Step 1: Set up the environment​
This section describes how to set up a ScalarDB Analytics environment.
Clone the repository​
Open Terminal, and clone the ScalarDB samples repository:
git clone https://github.com/scalar-labs/scalardb-samples
cd scalardb-samples/scalardb-analytics-sample
Configure your license​
To add your ScalarDB Analytics license, open config/scalardb-analytics-server.properties. Then, uncomment and update the license configuration lines, replacing <YOUR_LICENSE_KEY> and <YOUR_LICENSE_CERT_PEM> with your actual license information:
# License configuration (required for production)

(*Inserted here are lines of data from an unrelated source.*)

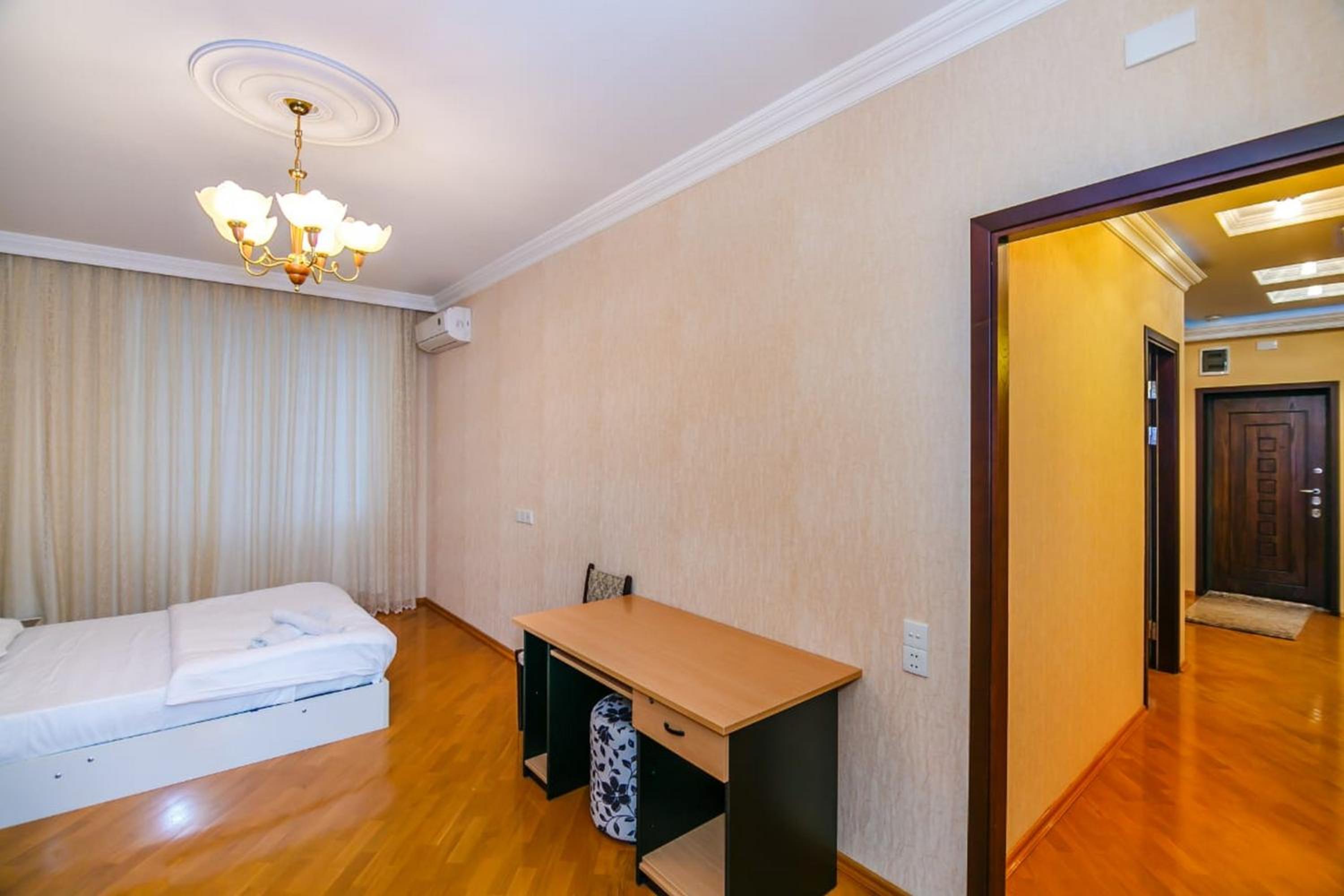 Lux Apartment in Targovi Nizami Street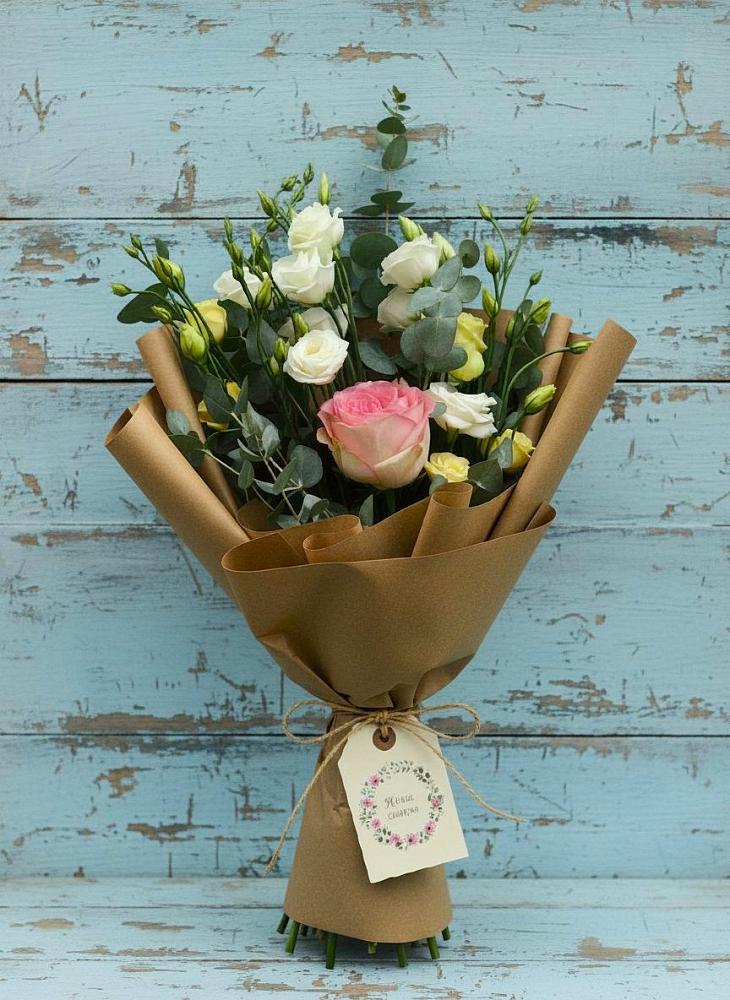 Букет цветов из: Розы и Лизиантусы в Введенское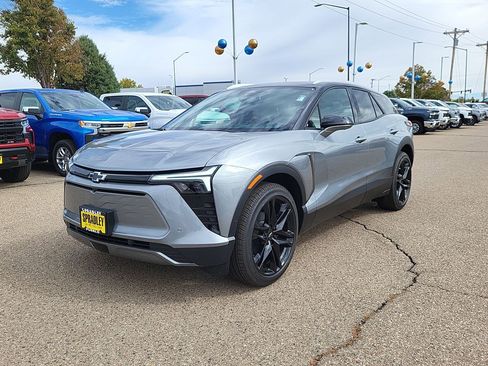 Used 2026 Chevrolet Blazer EV LT w/ LPO, Blackout Package image 4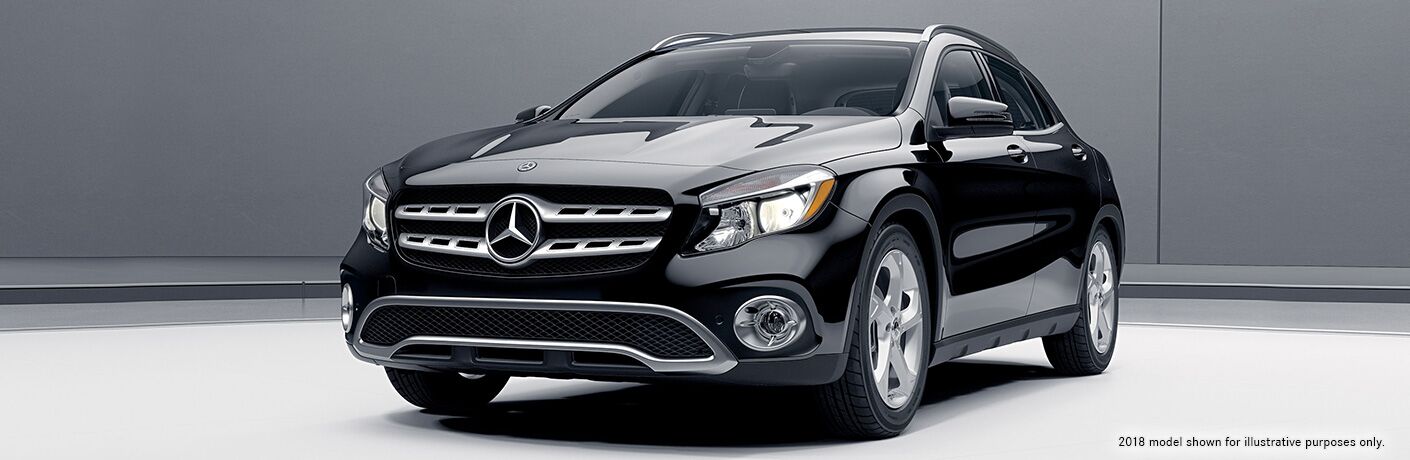 2020 MB GLA exterior front fascia and drivers side in gray room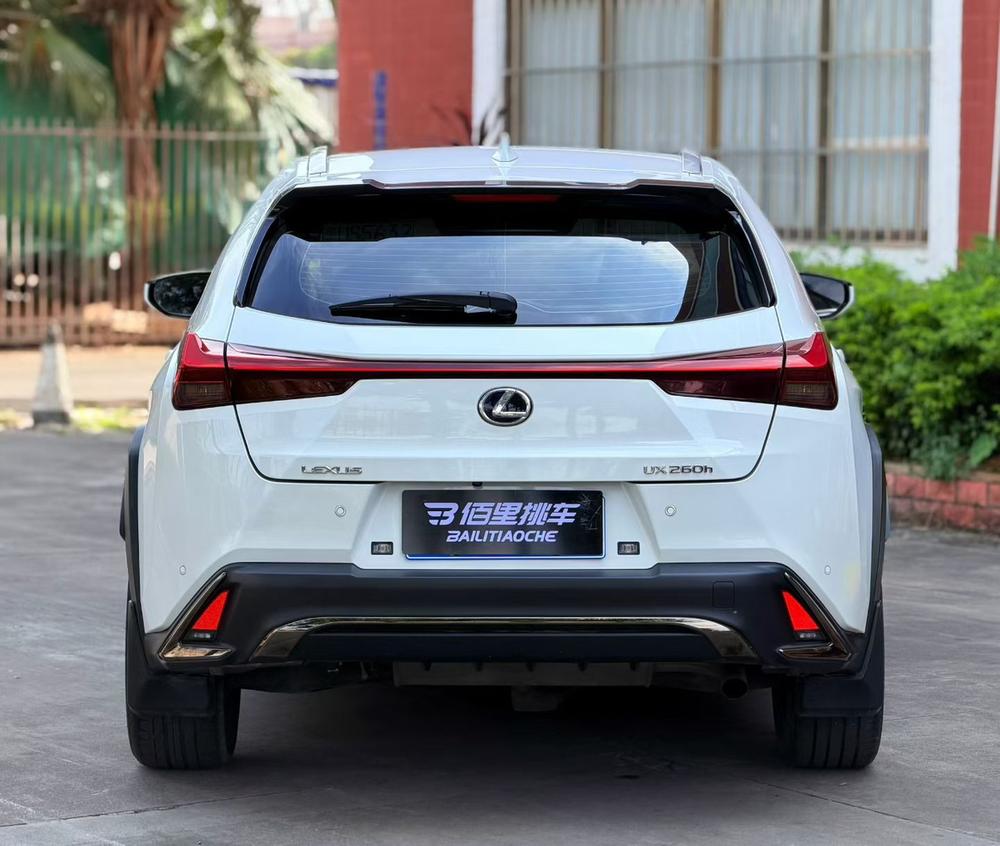 Lexus Lexus UX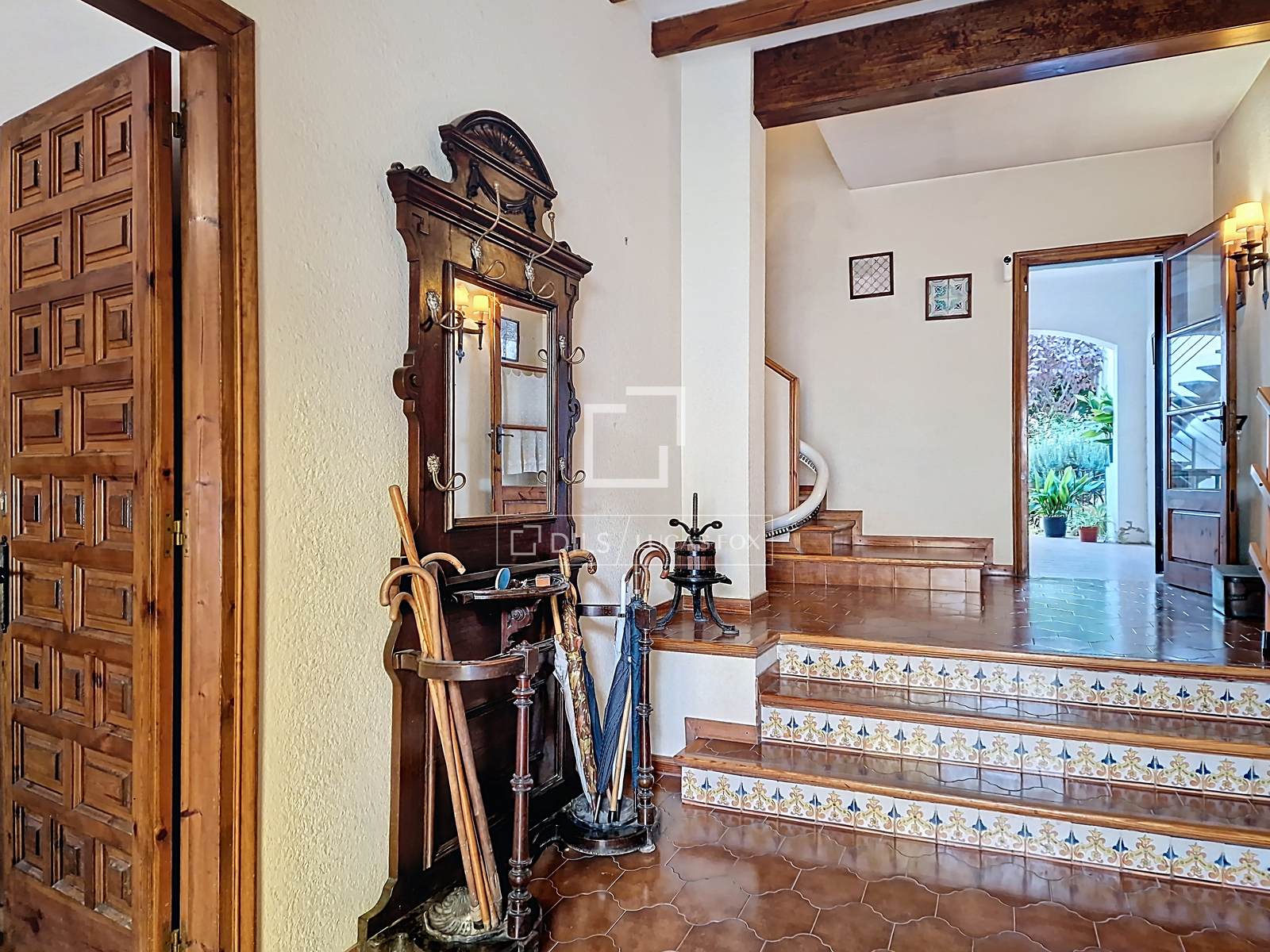Villa Vilanova i la Geltru, Barcelona, Spānijā 8 istabas, 456 m2 Nr. 150371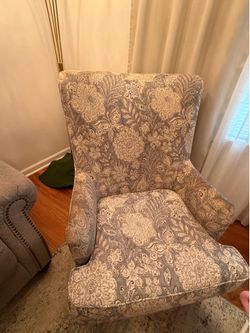 2 stylish ancient chairs+covers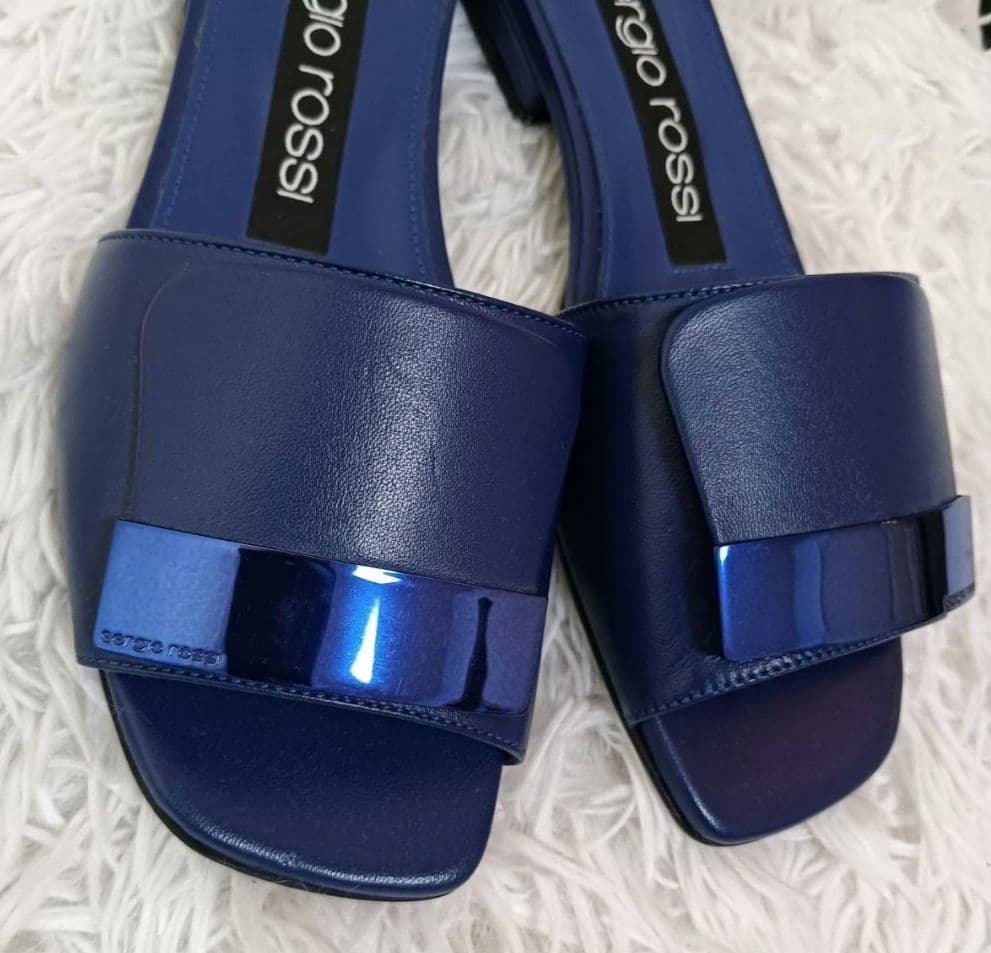 新品未使用✨セルジオロッシ sr1 ブルー 35.5 フラット サンダル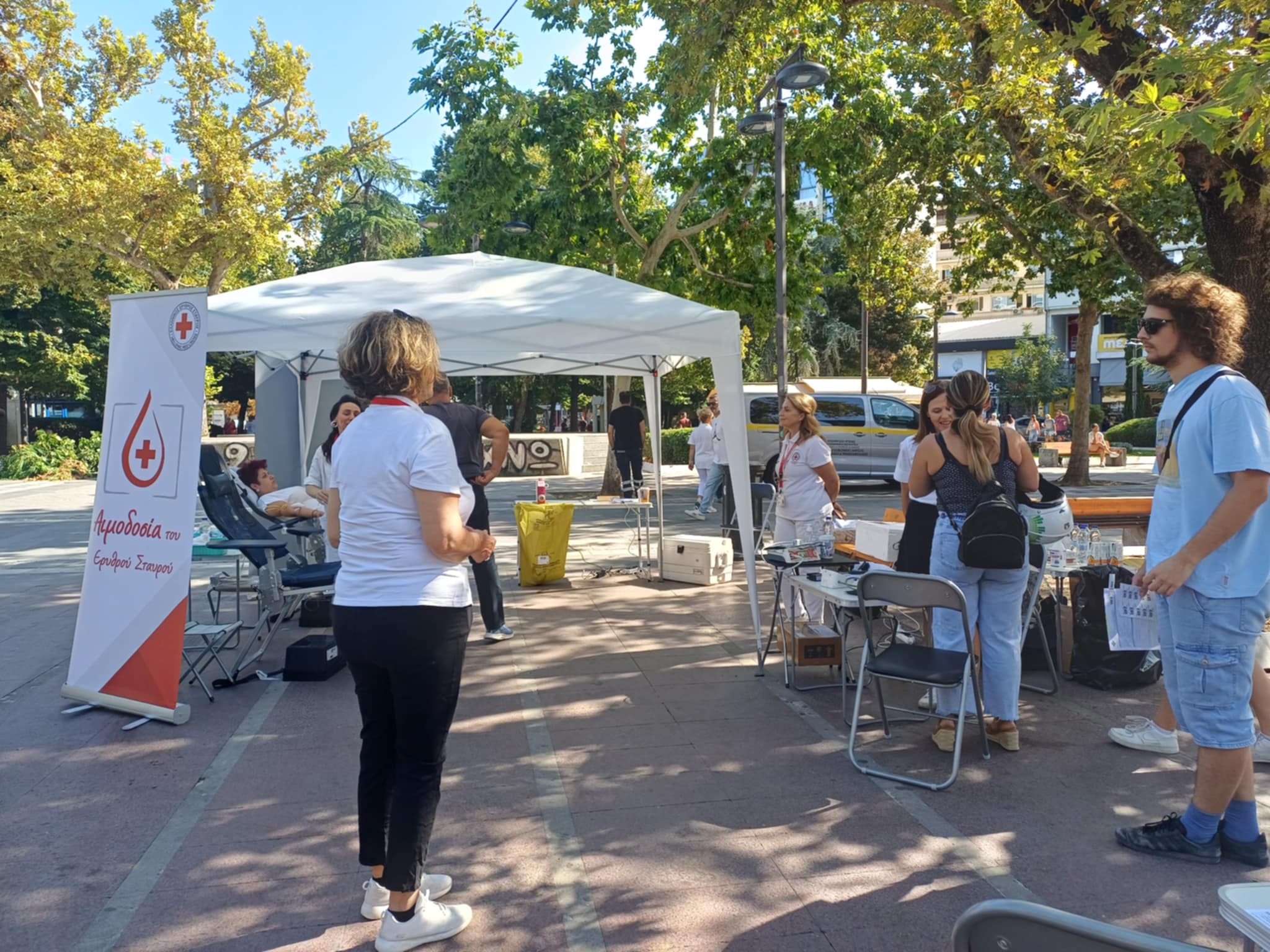 Υπαίθρια αιμοδοσία στην Κεντρική Πλατεία Λάρισας από τον ΕΕΣ (ΦΩΤΟ)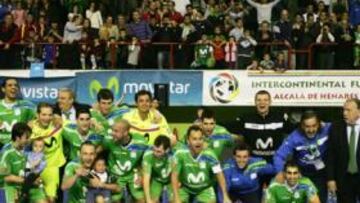 <b>LA MÁQUINA VERDE. </b>El Inter Movistar celebra la Copa Intercontinental ante los 4.500 espectadores que se dieron cita en el pabellón Caja Madrid de Alcalá.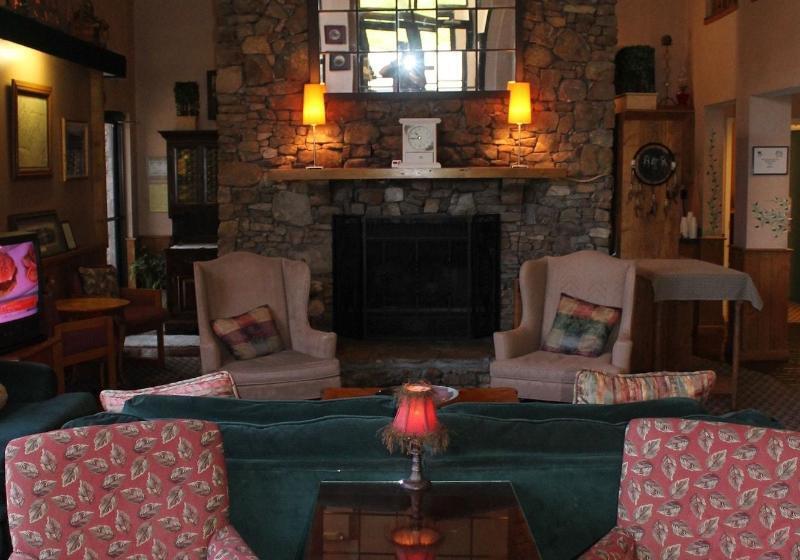 فندق على الطريق Americourt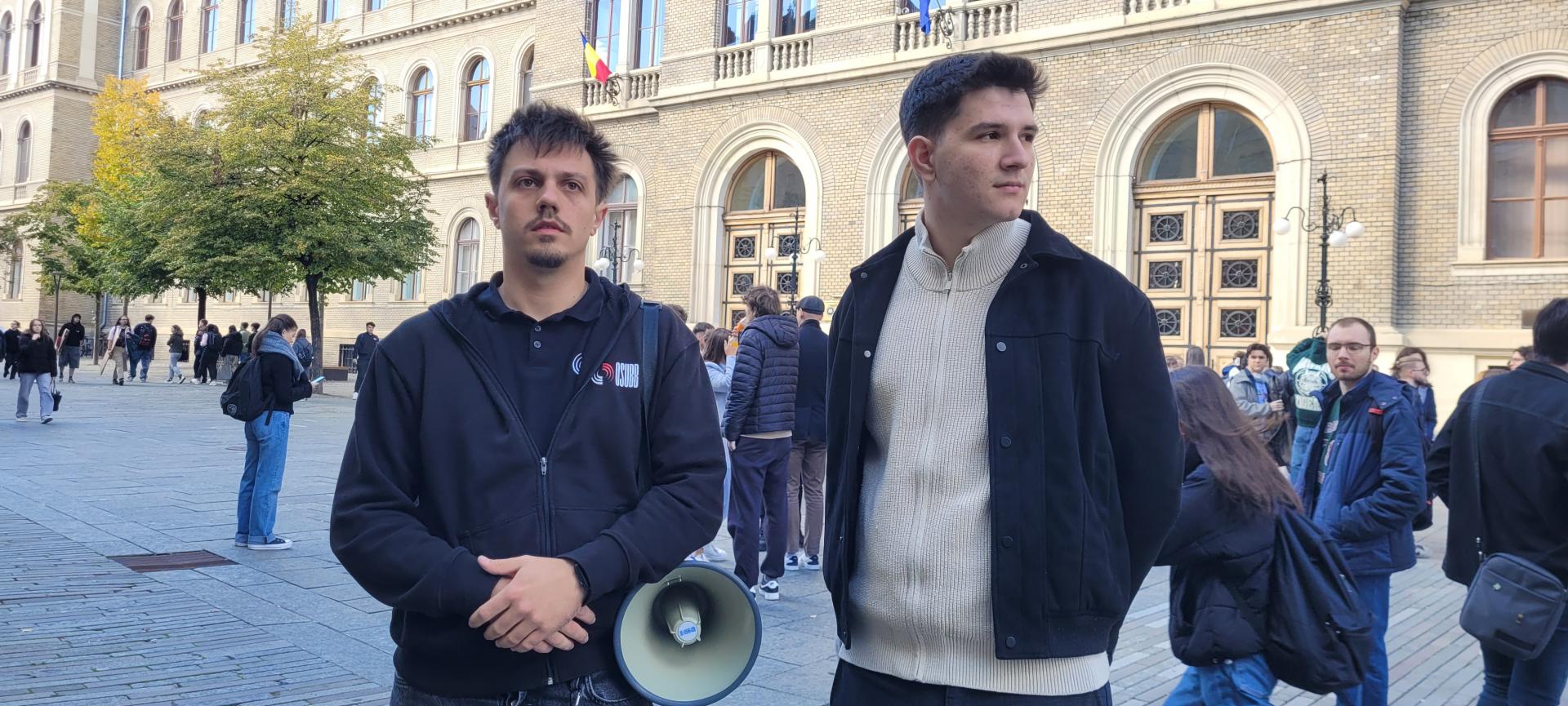 Studenții, protest masiv în fața UBB. Se cere suspendarea cursurilor de la CREIC: "Marii informaticieni n-o să crească în Chinteni"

scalar.db.analytics.server.licensing.license_key=<YOUR_LICENSE_KEY>
scalar.db.analytics.server.licensing.license_check_cert_pem=<YOUR_LICENSE_CERT_PEM>
Step 2: Set up the sample databases​
To set up the sample databases, run the following command:
docker compose up -d --wait
This command starts the following services locally:
- ScalarDB Analytics components:
- ScalarDB Analytics server: Manages metadata about all data sources and provides a unified interface for querying.
- Sample databases:
- PostgreSQL: Used as a non-ScalarDB-managed database (accessed directly)
- Cassandra and MySQL: Used as ScalarDB-managed databases (accessed through ScalarDB's transaction layer)
In this guide, PostgreSQL is referred to as a non-ScalarDB-managed database, which is not managed by ScalarDB transactions, while Cassandra and MySQL are referred to as ScalarDB-managed databases, which are managed by ScalarDB transactions.
The sample data is automatically loaded into all databases during the initial setup. After completing the setup, the following tables should be available:
- In PostgreSQL:
sample_ns.customer
- In ScalarDB (backed by Cassandra):
cassandrans.lineitem
- In ScalarDB (backed by MySQL):
mysqlns.orders
According to the above, within ScalarDB, cassandrans and mysqlns are mapped to Cassandra and MySQL, respectively.
For details about the table schema, including column definitions and data types, refer to Schema details. Ensure that the sample data has been successfully loaded into these tables.